S: Un rythme qui doit vous changer de celui de l’Oklahoma, d’où vous venez?

J: Alors tout-à-fait. En même temps, j’ai beaucoup écrit sur cet état, et on peut dire que Tamer Animals est dans une large mesure un album à propos de l’Oklahoma. En être éloigné permet une distance qui rend mon pays plus lisible.

 

S: La prochaine étape, ce serait donc un album sur le fait d’être en tournée?

J: Il pourrait y avoir de cela, oui. La dynamique du voyage constant me pousse à observer les gens. La création musicale se met en place sous la forme d’une narration à la troisième personne, comme si j’étais toujours en dehors de mon environnement direct.

 

S: Cela veut-il dire que tu privilégies une approche littéraire de l’écriture?

J: Je ne sais pas si c’est possible, mais ça m’intéresse beaucoup. En prenant comme modèle Steinbeck par exemple; j’aime l’idée d’écrire des paroles à la troisième personne, d’être le narrateur d’une histoire sans en être partie prenante, en outsider…

 

S: Le genre folk que vous exploitez permet-il une telle liberté d’écriture?

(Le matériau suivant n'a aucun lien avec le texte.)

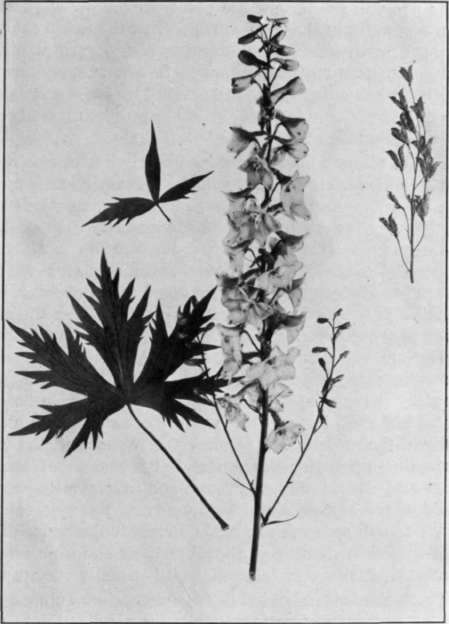 Fig. 9. Larkspur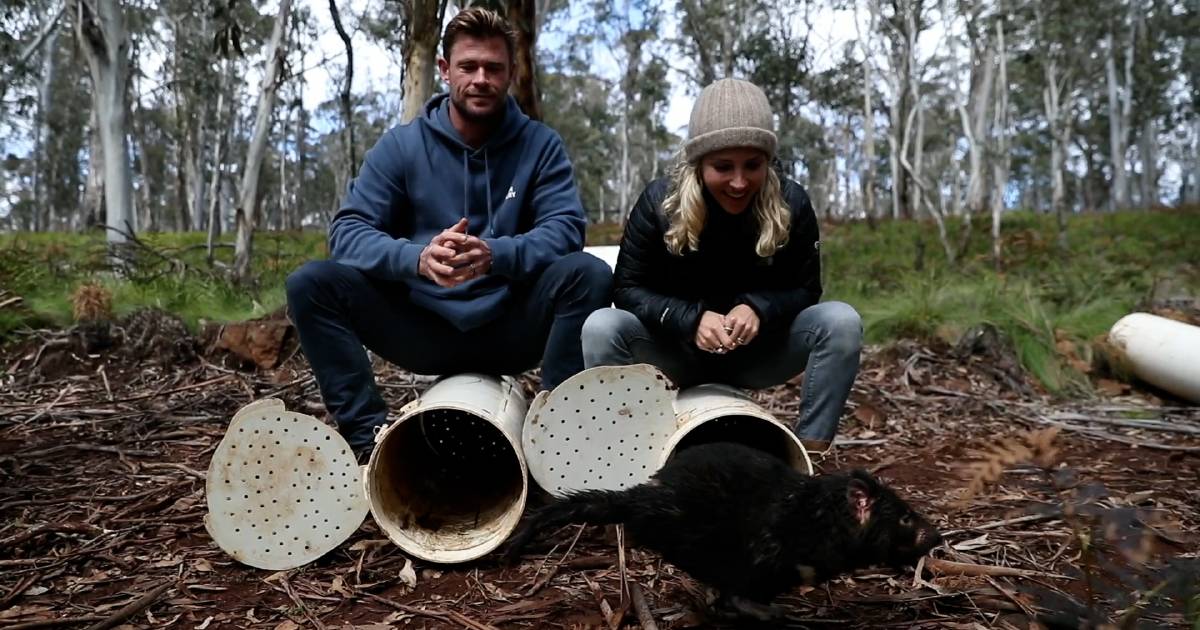 Chris Hemsworth releases Tasmanian devil: Adventurous Lisa found with joeys | The Land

J: Oui, complètement. Le folk est un genre hybride à la base. Là d’où nous venons, il est associé à la fois à la musique irlandaise, au gospel, à la musique noire et à la musique des Indiens natifs.

 

S: A quoi il faut rajouter, pour vous, une forte influence classique, non?

J: Si, bien qu’à part Jenny (la violoncelliste du groupe), nous ne soyons pas vraiment formés sur des bases musicales classiques. Pour moi, ça se ressent surtout dans l’écriture, qui à la base est instrumentale. Ensuite, la mélodie de la voix vient comme naturellement se greffer sur ce canevas. On ne le dirait pas, mais beaucoup de ce qu’on fait est spontané (rires)!

 

S: Justement, le folk est traditionnellement associé à la simplicité: on attrape une guitare, un tambourin, et c’est parti. Alors qu’avec Other Lives, on a plutôt l’impression d’une musique complètement concertée, consciente de toutes ces racines…

J: Ha ha! Oui, mais ce n’est pas incompatible; l’idiome folk me plaît parce qu’il s’agit toujours de musique populaire, qui peut être reçue de manière primale même si elle n’est pas simple dans sa création. Regarde Woody Guthrie, par exemple. Pour nous, notre complexité réside dans le mélange entre les apports de la technique et ceux de la musique classique. Je pense pourtant que l’on peut écouter notre musique sans forcément se focaliser sur ces questions abstraites.

 

S: Le public du concert que vous venez de finir répondait-il à tes attentes?

J (émerveillé): Plus que cela! La foule était étonnante, meilleure que nous, je dirais. Ce genre de public qui te dynamise, c’est ce qui peut nous arriver de mieux. Si tu te mets à réfléchir, à te faire du souci par rapport à ce que tu es en train de faire, tu t’enfermes en toi-même, tu te mets à gamberger, tu finis par te sentir mal. Mais des conditions d’écoute pareilles, pfff… C’était génial. En fait, le meilleur état dans lequel je peux être sur scène, c’est de me sentir en dehors de moi-même. Et dans ce partage, ce soir j’ai été servi.